DNSMOS P.835: A Non-Intrusive Perceptual Objective Speech Quality Metric to Evaluate Noise Suppressors (2110.01763v4)

Published 5 Oct 2021 in eess.AS and cs.SD

Abstract: Human subjective evaluation is the gold standard to evaluate speech quality optimized for human perception. Perceptual objective metrics serve as a proxy for subjective scores. We have recently developed a non-intrusive speech quality metric called Deep Noise Suppression Mean Opinion Score (DNSMOS) using the scores from ITU-T Rec. P.808 subjective evaluation. The P.808 scores reflect the overall quality of the audio clip. ITU-T Rec. P.835 subjective evaluation framework gives the standalone quality scores of speech and background noise in addition to the overall quality. In this work, we train an objective metric based on P.835 human ratings that outputs 3 scores: i) speech quality (SIG), ii) background noise quality (BAK), and iii) the overall quality (OVRL) of the audio. The developed metric is highly correlated with human ratings, with a Pearson's Correlation Coefficient (PCC)=0.94 for SIG and PCC=0.98 for BAK and OVRL. This is the first non-intrusive P.835 predictor we are aware of. DNSMOS P.835 is made publicly available as an Azure service.

Citations (170)

View on Semantic Scholar

Summary

The paper introduces DNSMOS P.835, a novel non-intrusive speech quality metric trained on P.835 subjective data to evaluate noise suppressors without reference audio.
DNSMOS P.835 demonstrates high correlation with human ratings (PCC of 0.94 for SIG, 0.98 for BAK/OVRL), validating its accuracy in predicting perceptual speech quality.
This metric provides a scalable alternative to subjective testing for evaluating noise suppressors, with potential real-world application as an Azure service.

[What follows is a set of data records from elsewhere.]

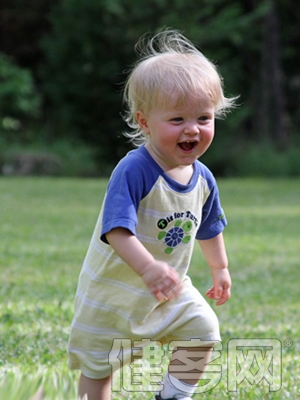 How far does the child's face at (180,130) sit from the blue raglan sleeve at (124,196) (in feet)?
0.38

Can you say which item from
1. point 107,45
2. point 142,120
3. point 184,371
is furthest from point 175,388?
point 107,45

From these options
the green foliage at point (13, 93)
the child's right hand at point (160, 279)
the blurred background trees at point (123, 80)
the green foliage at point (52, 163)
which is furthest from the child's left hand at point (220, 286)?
the green foliage at point (13, 93)

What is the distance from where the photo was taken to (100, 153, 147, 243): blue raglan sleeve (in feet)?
8.93

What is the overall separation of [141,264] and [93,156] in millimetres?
20599

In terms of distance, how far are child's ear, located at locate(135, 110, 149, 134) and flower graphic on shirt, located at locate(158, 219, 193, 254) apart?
15.4 inches

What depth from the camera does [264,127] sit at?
26547mm

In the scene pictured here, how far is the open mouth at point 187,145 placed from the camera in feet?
9.66

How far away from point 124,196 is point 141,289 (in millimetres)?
383

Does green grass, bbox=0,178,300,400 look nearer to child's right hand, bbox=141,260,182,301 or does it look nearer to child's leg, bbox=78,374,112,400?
child's leg, bbox=78,374,112,400

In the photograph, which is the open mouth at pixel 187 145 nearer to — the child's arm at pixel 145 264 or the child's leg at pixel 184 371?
the child's arm at pixel 145 264

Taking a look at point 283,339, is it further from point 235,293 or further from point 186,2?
point 186,2

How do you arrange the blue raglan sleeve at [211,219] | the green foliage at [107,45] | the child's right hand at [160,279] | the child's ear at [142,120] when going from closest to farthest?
the child's right hand at [160,279]
the child's ear at [142,120]
the blue raglan sleeve at [211,219]
the green foliage at [107,45]

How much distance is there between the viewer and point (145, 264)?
2658 millimetres

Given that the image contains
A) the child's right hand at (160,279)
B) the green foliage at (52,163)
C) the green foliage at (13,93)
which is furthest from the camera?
the green foliage at (13,93) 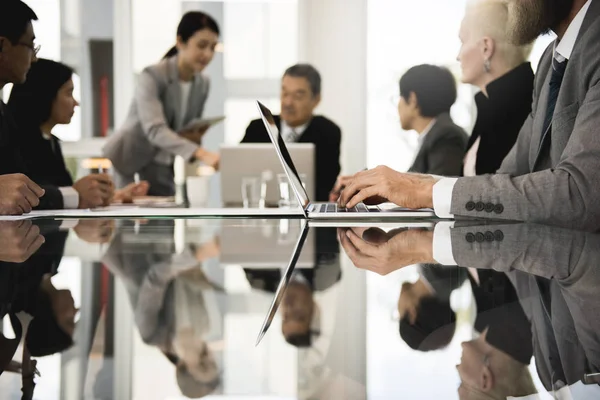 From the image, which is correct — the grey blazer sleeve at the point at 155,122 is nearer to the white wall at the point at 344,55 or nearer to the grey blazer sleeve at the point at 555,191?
the white wall at the point at 344,55

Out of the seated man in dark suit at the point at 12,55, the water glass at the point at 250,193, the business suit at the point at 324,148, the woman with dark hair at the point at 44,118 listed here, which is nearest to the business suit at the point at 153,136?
the business suit at the point at 324,148

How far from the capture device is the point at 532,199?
58.5 inches

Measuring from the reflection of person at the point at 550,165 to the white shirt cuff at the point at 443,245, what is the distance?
0.71 ft

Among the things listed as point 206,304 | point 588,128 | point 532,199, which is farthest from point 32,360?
point 588,128

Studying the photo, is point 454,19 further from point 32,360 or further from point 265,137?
point 32,360

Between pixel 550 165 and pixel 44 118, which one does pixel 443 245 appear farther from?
pixel 44 118

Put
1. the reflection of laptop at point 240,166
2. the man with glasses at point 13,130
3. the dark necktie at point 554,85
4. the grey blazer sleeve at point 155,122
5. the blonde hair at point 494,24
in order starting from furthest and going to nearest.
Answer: the blonde hair at point 494,24 < the grey blazer sleeve at point 155,122 < the reflection of laptop at point 240,166 < the dark necktie at point 554,85 < the man with glasses at point 13,130

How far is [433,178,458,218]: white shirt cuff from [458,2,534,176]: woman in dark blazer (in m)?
3.86

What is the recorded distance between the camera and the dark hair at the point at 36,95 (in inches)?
127

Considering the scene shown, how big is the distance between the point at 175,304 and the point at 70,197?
6.12 feet

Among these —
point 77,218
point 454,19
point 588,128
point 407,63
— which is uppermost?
point 454,19

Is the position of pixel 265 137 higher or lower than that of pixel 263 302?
higher

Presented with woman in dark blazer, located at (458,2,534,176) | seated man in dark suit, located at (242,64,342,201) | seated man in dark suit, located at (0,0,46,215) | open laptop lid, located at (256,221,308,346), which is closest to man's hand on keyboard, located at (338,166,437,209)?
open laptop lid, located at (256,221,308,346)

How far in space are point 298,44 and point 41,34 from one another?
2.17m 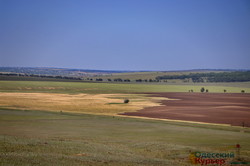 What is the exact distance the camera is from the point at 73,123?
36.8 metres

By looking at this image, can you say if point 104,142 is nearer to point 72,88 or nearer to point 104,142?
point 104,142

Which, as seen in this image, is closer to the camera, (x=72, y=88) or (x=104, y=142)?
(x=104, y=142)

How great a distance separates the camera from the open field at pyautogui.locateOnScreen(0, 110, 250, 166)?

DNSMOS P.835: Advancements in Non-Intrusive Speech Quality Assessment

The paper "DNSMOS P.835: A Non-Intrusive Perceptual Objective Speech Quality Metric to Evaluate Noise Suppressors" by Chandan K A Reddy, Vishak Gopal, and Ross Cutler presents a significant contribution to the field of speech enhancement (SE) and quality assessment. This report introduces DNSMOS P.835, a novel non-intrusive speech quality metric designed to evaluate noise suppressors based on human perceptual assessment criteria.

Overview and Methodology

The DNSMOS P.835 model is developed from a dataset derived from the Deep Noise Suppression (DNS) Challenge, leveraging the ITU-T Rec. P.835 subjective evaluation framework. This framework provides separate quality assessments for speech (SIG), background noise (BAK), and overall audio quality (OVRL), which serve as the training labels for this non-intrusive metric. The model uses a Convolutional Neural Network (CNN) to predict these metrics precisely, with each audio clip being evaluated using its log power spectrogram as the input feature.

Significant Results

The DNSMOS P.835 model exhibits a high correlation with human ratings, boasting a Pearson's Correlation Coefficient (PCC) of 0.94 for SIG, and 0.98 for both BAK and OVRL, at the model level. These results underscore the model's robust capability in predicting human quality ratings across different noise suppression algorithms. Additionally, the authors make a notable claim about DNSMOS P.835 being the first non-intrusive P.835 predictor available as an Azure service, potentially broadening its application in real-world settings.

Implications and Future Directions

The implications of this research are two-fold. Practically, DNSMOS P.835 offers a scalable solution for evaluating noise suppressors, potentially impacting the development and optimization of SE systems without the need for extensive subjective testing. Theoretically, this paper enhances the understanding of integrating deep learning techniques with perceptual quality metrics, paving the way for more sophisticated predictive models in speech quality assessment.

Future developments, as suggested by the authors, may include expanding the model's complexity or enlarging the dataset with more diverse noise scenarios to further improve accuracy, especially at the clip level. Additionally, exploring different neural network architectures could enhance the fidelity of speech quality predictions.

Conclusion

DNSMOS P.835 represents a substantial advancement in the non-intrusive evaluation of speech quality under noisy conditions, aligning closely with human perceptual judgments. The research presents a credible alternative to traditional intrusive metrics, proposing a reliable tool for the continual improvement of noise suppression technologies. As machine learning and AI continue to evolve, such metrics will be crucial in developing more nuanced and user-centric audio processing solutions.